The long-term neighbors keep an eye on the new folks. The ones who foolishly stand on the street, rifling through their bags, not paying attention to the opportunistic predators. The first ones who fixed up Miss Carter’s house after she passed on. They were very into their front yard. The next ones who bought the houses that someone else fixed up. Lots of granite and walls coming down for an “open” floor plan.

The ones with their fancy three-wheeled strollers. They carry their fat babies in their reverse backpacks, facing out with their pink cheeks and pillow feet. In one hand they grip a stainless steel coffee cup and in the other the leash for their misshapen dog. The dog that is afraid of blowing leaves and trash trucks and barks at the ladies wearing their church hats.

The old timer likes most of his new neighbors. They borrow his tools and ask for his opinion on roofers and electricians. He tells the youngest ones to get their keys out before they step out of their Ubers. He’s not crazy about the Ubers, though. His buddy supplements his retirement by driving a D.C. He said that he’s not going to drive his own car.

Looking up and down the compact streets with homes that were residences to African American professors, judges and lawyers before it became a “transitional” neighborhood, two or three homes on every block proudly fly the red and white D.C. flags. A bunch of them “work” from home–whatever that means. One thing he knows it means is that there are more people around during the day.

The old timer sits on his front porch and nods to the parade of walkers and bikers and strollers bringing life to his street. He’s glad to have activity out in the open–but he knew what was happening in the shadows, too. It’s not gone, though it’s definitely on the wane. But every time there is a car break-in or a mugging, there is much clucking. It’s still the city, man, he thinks to himself.

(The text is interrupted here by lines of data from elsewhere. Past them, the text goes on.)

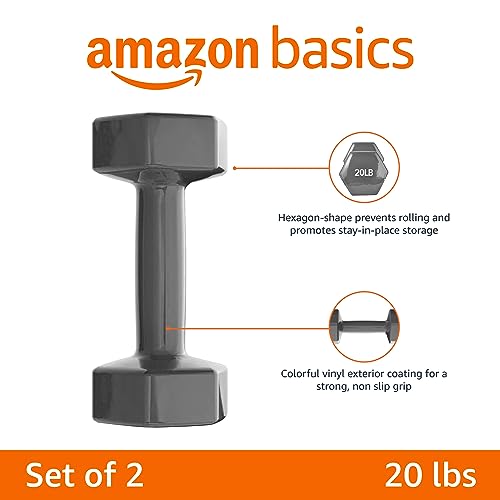 Amazon Basics Vinyl Coated Dumbbell Hand Weights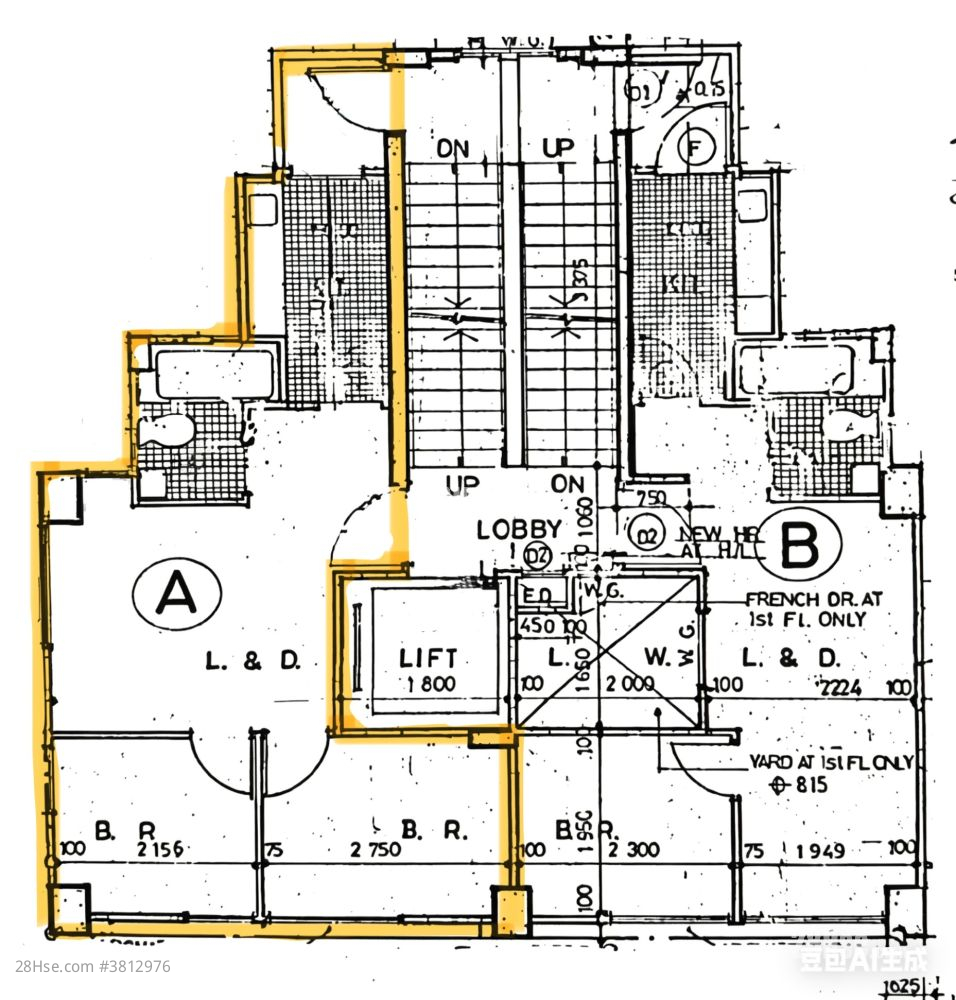 广亚大厦 售盘 2 房 , 1 浴室 329 平方尺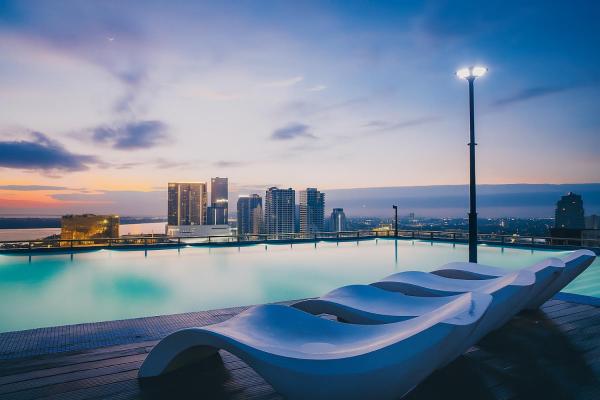 Hotel Serviced Condo Unique Infinity Pool with Mekong River View, Buchen Sie  Beste Wellnesshotels in Kandal, SPA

He wonders if they will raise their kids here. If they will go to the neighborhood schools. He hopes so, because the corner store is carrying organic milk in addition to wines with foreign labels. But there’s also sandwiches. His wife doesn’t like him eating greasy carryout, but if he brings home a wrap, they’re both happy. These new people? They better stay.

Busting Loose

A yet to be "rehabbed" street in Shaw. Around 7th and L, NW. Close to the cop shoppe.

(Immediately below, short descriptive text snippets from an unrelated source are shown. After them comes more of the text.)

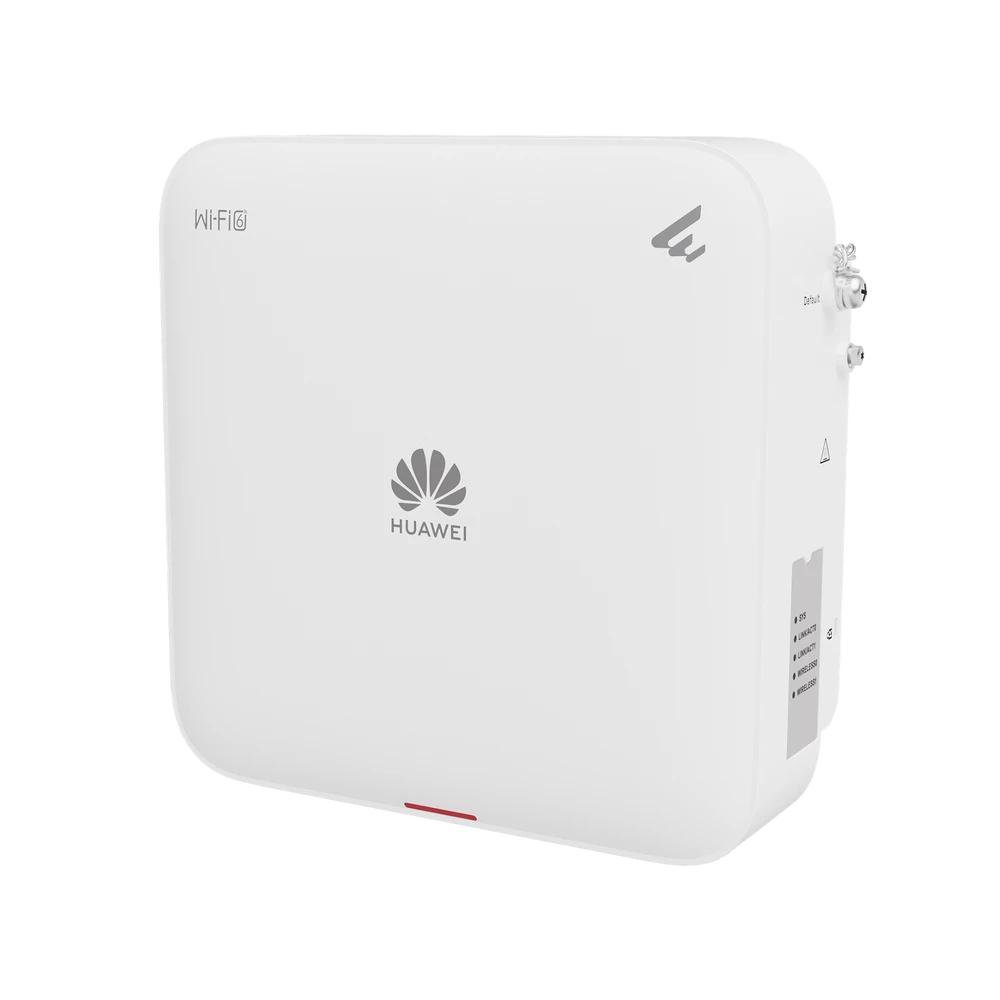 PUNTO DE ACCESO EXTERIOR WI-FI 6 / 1.775 GBPS / MU-MIMO 2X2:2 (2.4GHZ Y 5GHZ) / SMART ANTENNA / IP68 / PUERTO GE Y PUERTO SFP / BLE / CON ADMINISTRACIÓN GRATUITA DESDE LA NUBE-HUAWEI-Bsai Seguridad & Controles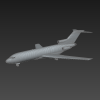 波音727-飞机-其它-VR/AR模型-3D城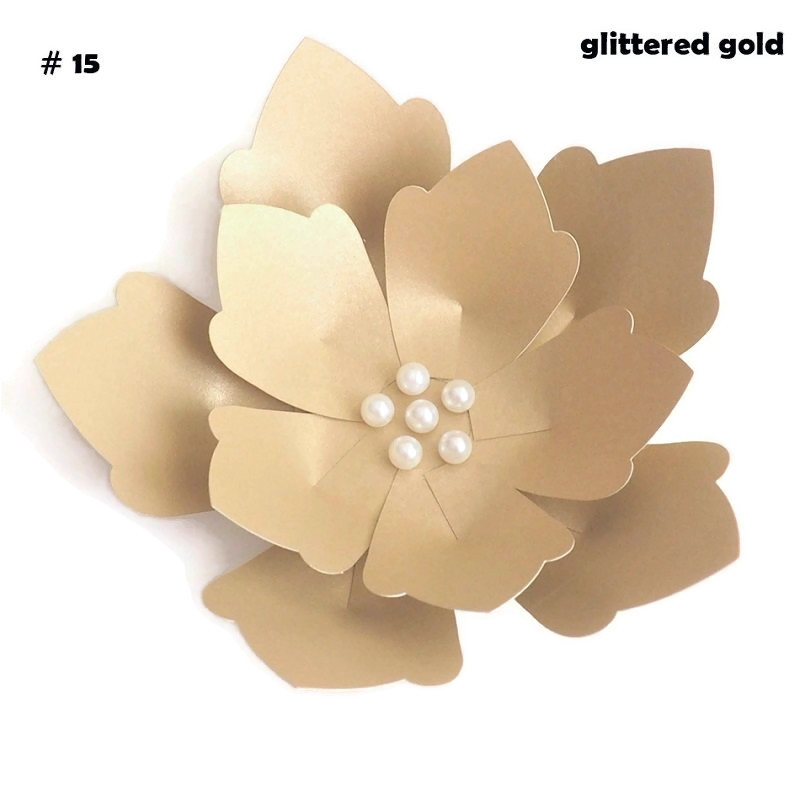 DIY HandCraft 3D Paper Flowers - đánh giá và giá Kids Education Template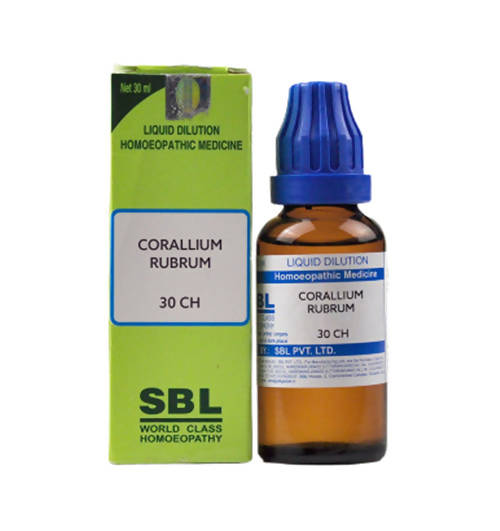 SBL Homeopathy Corallium Rubrum Dilution - Swadesiicart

Growing up, a meaningful block was a half-mile long. Nobody walked much, so it wasn’t a big deal, but the distances between stuff were actual distances. Walking three blocks was a mile and a half. Distances were covered in miles per hour, thank you very much.

When I first moved to our nation’s capital, these were pre-GPS days–I know, right?, I pulled out the map to see where I was heading. It was on the other side of the beltway. Using my historical point of reference, I figured it would take about 60-70 minutes. It took me less than 20, and that might have included a little bit of time when I was lost.

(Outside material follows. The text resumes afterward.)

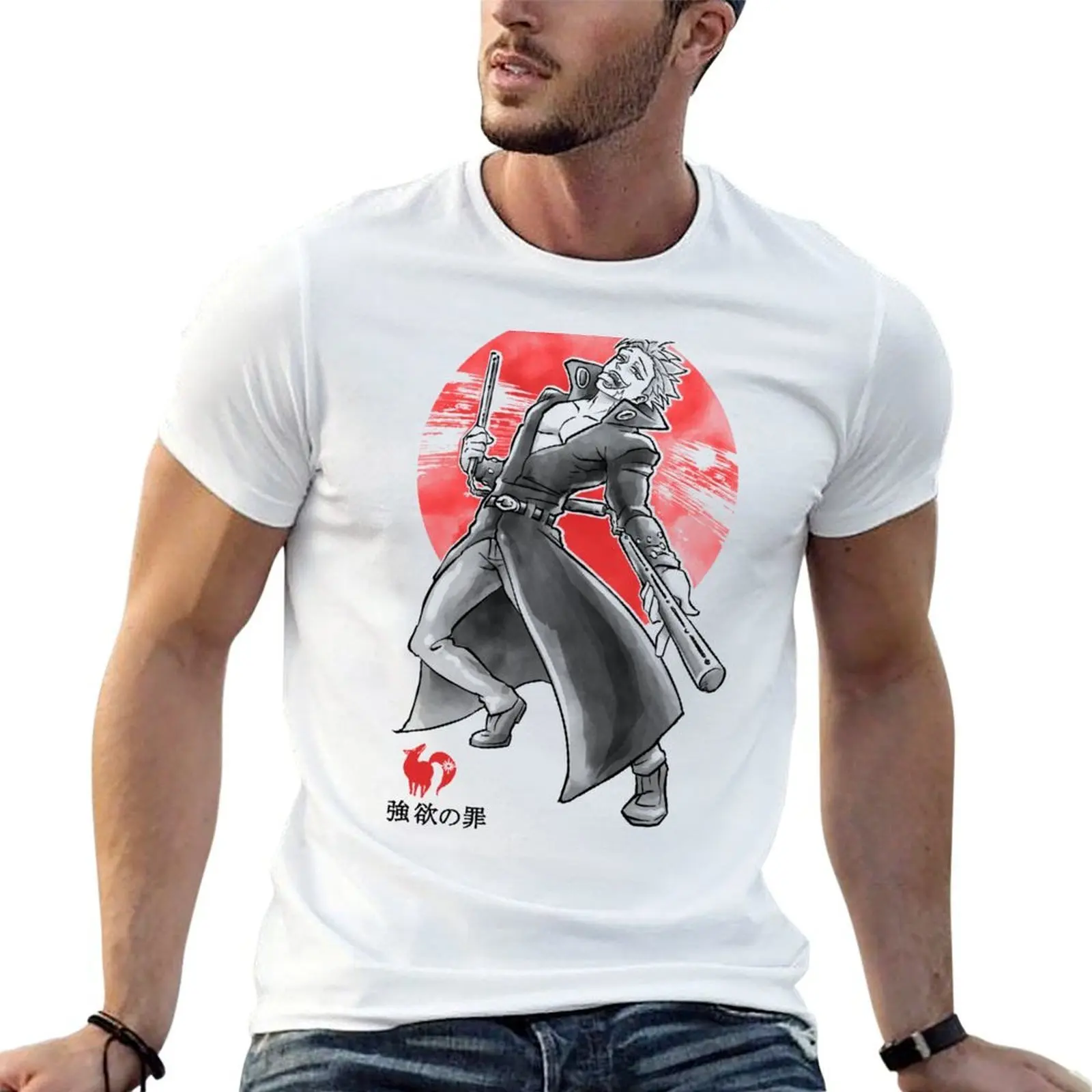 T-shirt Fox Greed, grande taille, assorti à tout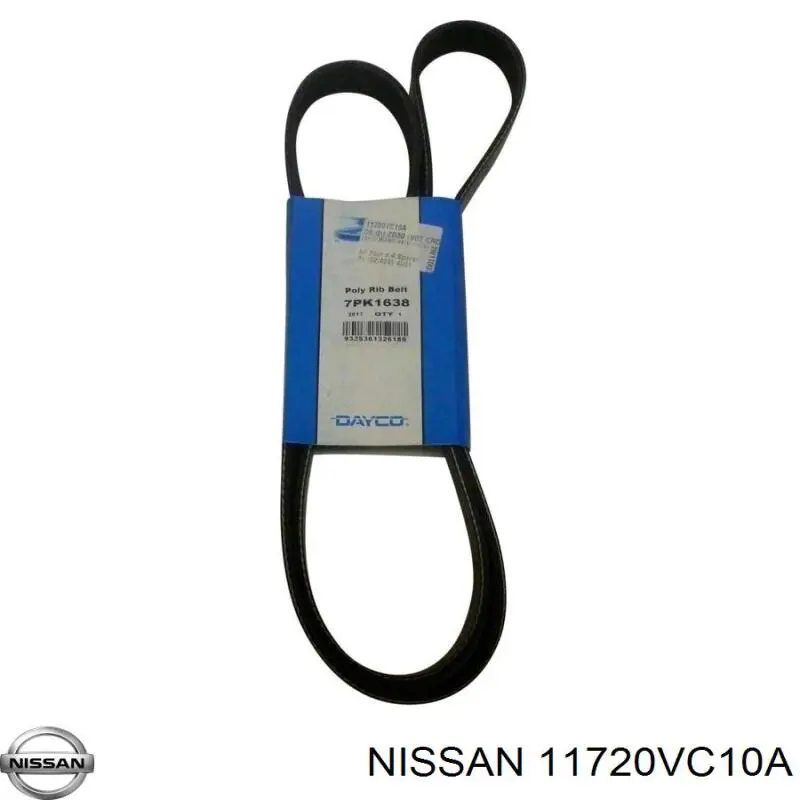 Купити 11720VC10A Nissan/Infiniti Ремінь генератора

Geographically, D.C. is a small place.

Today I told The Spouse that drinks were on me at the hip watering hole that just reopened. I decided to hoof it from downtown. The Spouse hit the pavement from The Mall. It’s a sign of the times that we would even consider walking. Five or six years ago, when the development was in planning, I would not walk that corridor. Boarded up shops, drug deals on corners, and no reason to be there. Nope. Seventh Street was a car route.

I walked the dozen blocks, passing the new convention center, spiffy hotels with five-story atriums, rehabbed buildings, shiny new box apartments, a grocery store with wine and a ton of prepared foods, and a few windows still boarded up. For now.

There were still the few blocks of subsidized apartments, but they’re much less notorious. There was still a cop going back and forth with a citizen. They were being observed by a sidewalk full of the neighborhood a few yards away. Nobody was cuffed. The convenience store was surrounded by folks waiting for the bus. The air included the smell of tobacco and weed. But no piss.

The city was always tiny, but now the walk from the FBI building to the burgeoning condo, bike path, coffee shop and restaurant fueled blocks formerly known as the hood and now known by their hip nicknames was much faster than a cab during Friday rush hour. In less than twenty minutes, office commuters can traverse to the land of brown liquor with artisanal ice, biergartens, craft roasted coffee, dog groomers and hipsters.

These thirteen blocks span less than a mile, not the 6½ that I would have expected in my youth. As the city gets closer together, it gets bigger for some people and increasingly inaccessible for others.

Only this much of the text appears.